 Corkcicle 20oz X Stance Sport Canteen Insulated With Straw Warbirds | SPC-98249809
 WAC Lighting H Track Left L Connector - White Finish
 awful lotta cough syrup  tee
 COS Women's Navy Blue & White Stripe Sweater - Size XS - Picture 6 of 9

* * * *

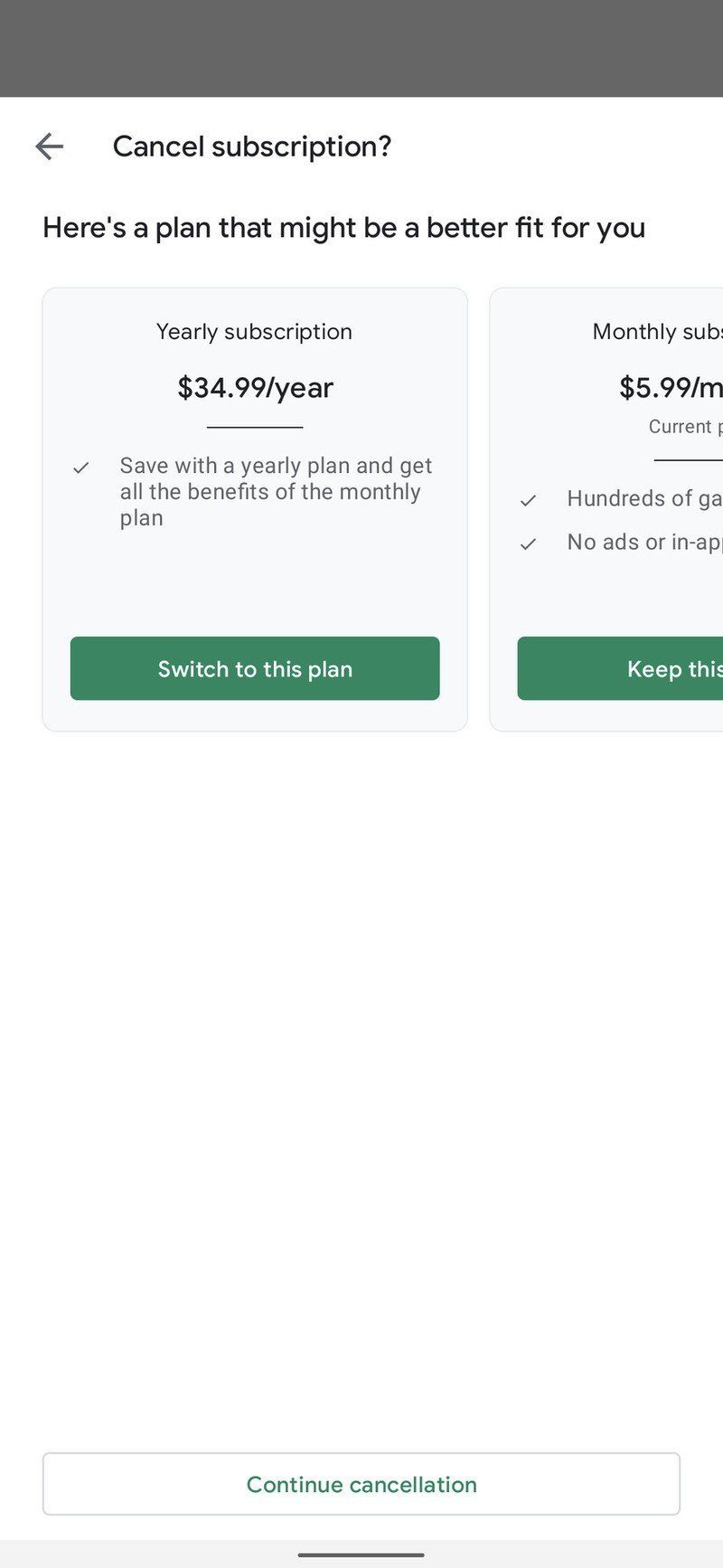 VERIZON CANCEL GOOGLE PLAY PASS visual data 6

* * * *

Find the line with "Corkcicle 20oz X" in the material above. Reproduce it and each line after it up to and including the line with "COS Women's Navy".

▶ _ANSWER BOX_
 Corkcicle 20oz X Stance Sport Canteen Insulated With Straw Warbirds | SPC-98249809
 WAC Lighting H Track Left L Connector - White Finish
 awful lotta cough syrup  tee
 COS Women's Navy Blue & White Stripe Sweater - Size XS - Picture 6 of 9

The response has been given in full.